I am missing to see the reasoning here to panic at all during startup
and disable the panic after initialization.
IMHO the panic should be removed as it can be randomly triggered and
prohibit boot. And the code serves no purpose
after mounting the root-fs.
Frank
On 12/20/19 18:05, Patrick Welche wrote:
> The following reply was made to PR kern/52126; it has been noted by GNATS.
>
> From: Patrick Welche <prlw1@cam.ac.uk>
> To: gnats-bugs@netbsd.org
> Cc:
> Subject: Re: kern/52126 (mvsata Marvell 88SX6081 panics on boot)
> Date: Fri, 20 Dec 2019 17:01:50 +0000
>
> Just for the record, the run up to the spinout is:
>
> ata_exec_xfer 0xfffff2bbff940038 channel 1 drive 0
> atastart from ata_exec_xfer, flags 0x800
> ata_queue_alloc_slot: channel 1 qavail 0xffffffff qact 0atastart(chp=0xffffb0001edffa20): xfer 0xfffff2bbff940038 channel 1 drive 0
> atastart(chp=0xffffb0001edffa20): channel 1 queue_xfer is empty
> atastart(chp=0xffffb0001edffa20): channel 1 queue_xfer is empty
> mvsata1:4: mvsata_bio: drive=0, blkno=0, bcount=512
> ata_exec_xfer 0xfffff2bbff940038 channel 4 drive 0
> atastart from ata_exec_xfer, flags 0x0
> ata_queue_alloc_slot: channel 4 qavail 0xffffffff qact 0atastart(chp=0xfffff2bbff46e010): xfer 0xfffff2bbff940038 channel 4 drive 0
> mvsata1:4: mvsata_bio_start: drive=0
> ata_channel_freeze_locked(chp=0xfffff2bbff46e010) -> 1
> ata_channel_thaw_locked(chp=0xfffff2bbff46e010) -> 0
> mvsata1:4: mvsata_bio_start: drive=0
> Kernel lock error: _kernel_lock,222: spinout
>
From: mlelstv@serpens.de (Michael van Elst)
To: gnats-bugs@netbsd.org
Cc:
Subject: Re: kern/52126 (mvsata Marvell 88SX6081 panics on boot)
Date: Fri, 20 Dec 2019 22:34:41 -0000 (UTC)
kardel@kardel.name (Frank Kardel) writes:
>The _kernel_lock() code looks very suspicious.
>spinouts on kernel_lock only happen while the root is not mounted
>(start_init_exec == 0, see init_main.c):
start_init_exec is not related to the root mount but is set before the
first user code is executed.
The spinout check is a crude deadlock detection. It's not reasonable
to do that for user code that is waiting to enter the kernel.

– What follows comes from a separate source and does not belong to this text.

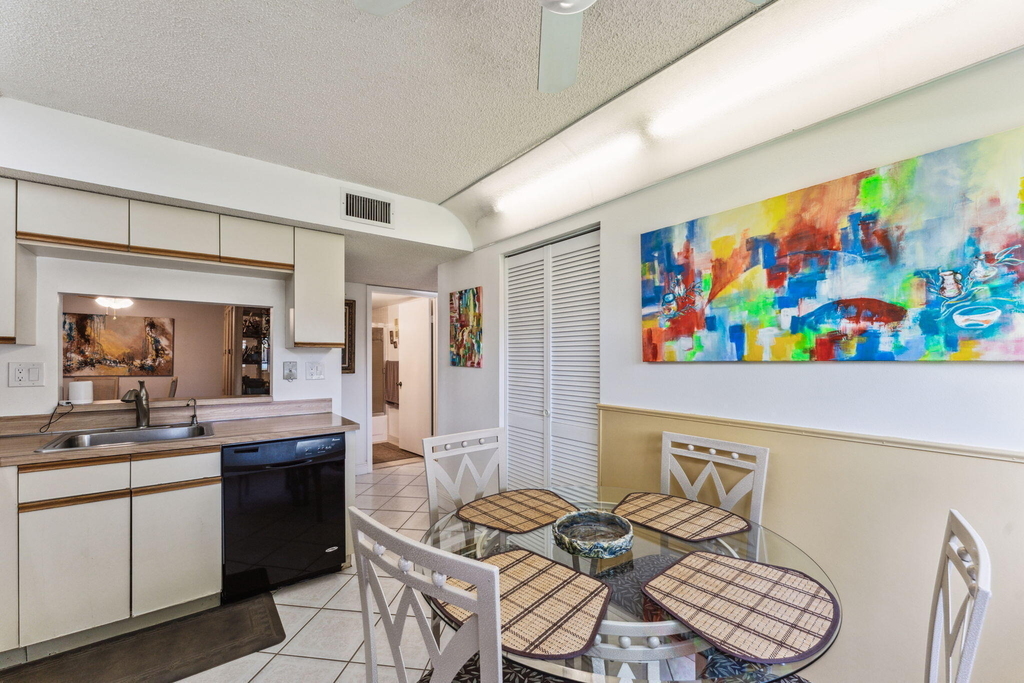 15301 Pembridge Avenue - Photo 5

If you want to remove the panic you may want to replace it with a (rate
limited) console message.
--
--
Michael van Elst
Internet: mlelstv@serpens.de
"A potential Snark may lurk in every tree."

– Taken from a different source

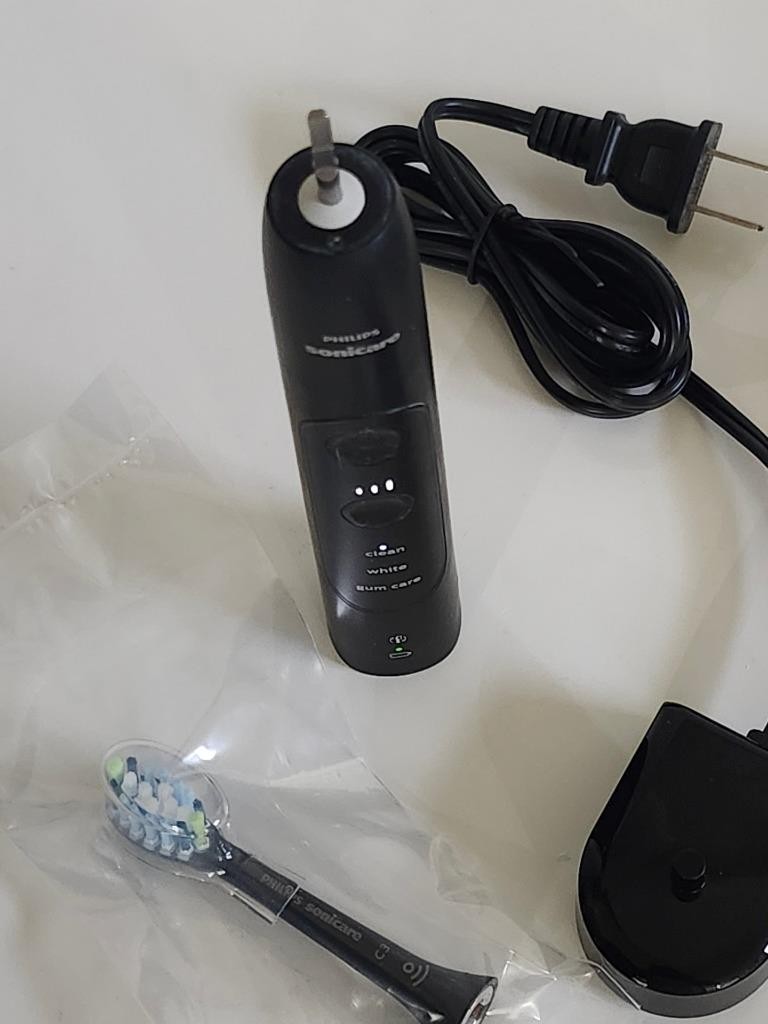 Philips Sonicare ProtectiveClean 6100 ToothBrush Black,Please Read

From: Frank Kardel <kardel@netbsd.org>
To: gnats-bugs@netbsd.org
Cc:
Subject: Re: kern/52126 (mvsata Marvell 88SX6081 panics on boot)
Date: Sat, 21 Dec 2019 07:56:19 +0100
I was just referring to place where the flag is set, not that it is
related to mounting the root although attempting to exec init implies
the availability of the root.
Crude indeed it is, es. It panics only during kernel startup when no
user code can be running,
Maybe I am missing omething, but the prerequisite condition for panic is
"!start_init_exec". Maybe the test was intended to be inverted so that
the crude
deadlock check is enabled while user level is running. Right now it only
checks during the initialization phase *before*
user-level is running and in some circumstance even prohibits a
successful boot (slow raster console+debug+verbose boot).
Frank
On 12/20/19 23:40, Michael van Elst wrote:
> The following reply was made to PR kern/52126; it has been noted by GNATS.
>
> From: mlelstv@serpens.de (Michael van Elst)
> To: gnats-bugs@netbsd.org
> Cc:
> Subject: Re: kern/52126 (mvsata Marvell 88SX6081 panics on boot)
> Date: Fri, 20 Dec 2019 22:34:41 -0000 (UTC)
>
> kardel@kardel.name (Frank Kardel) writes:
>
> >The _kernel_lock() code looks very suspicious.
>
> >spinouts on kernel_lock only happen while the root is not mounted
> >(start_init_exec == 0, see init_main.c):
>
> start_init_exec is not related to the root mount but is set before the
> first user code is executed.
>
> The spinout check is a crude deadlock detection. It's not reasonable
> to do that for user code that is waiting to enter the kernel.
>
> If you want to remove the panic you may want to replace it with a (rate
> limited) console message.
>
> --
> --
> Michael van Elst
> Internet: mlelstv@serpens.de
> "A potential Snark may lurk in every tree."
>
From: mlelstv@serpens.de (Michael van Elst)
To: gnats-bugs@netbsd.org
Cc:
Subject: Re: kern/52126 (mvsata Marvell 88SX6081 panics on boot)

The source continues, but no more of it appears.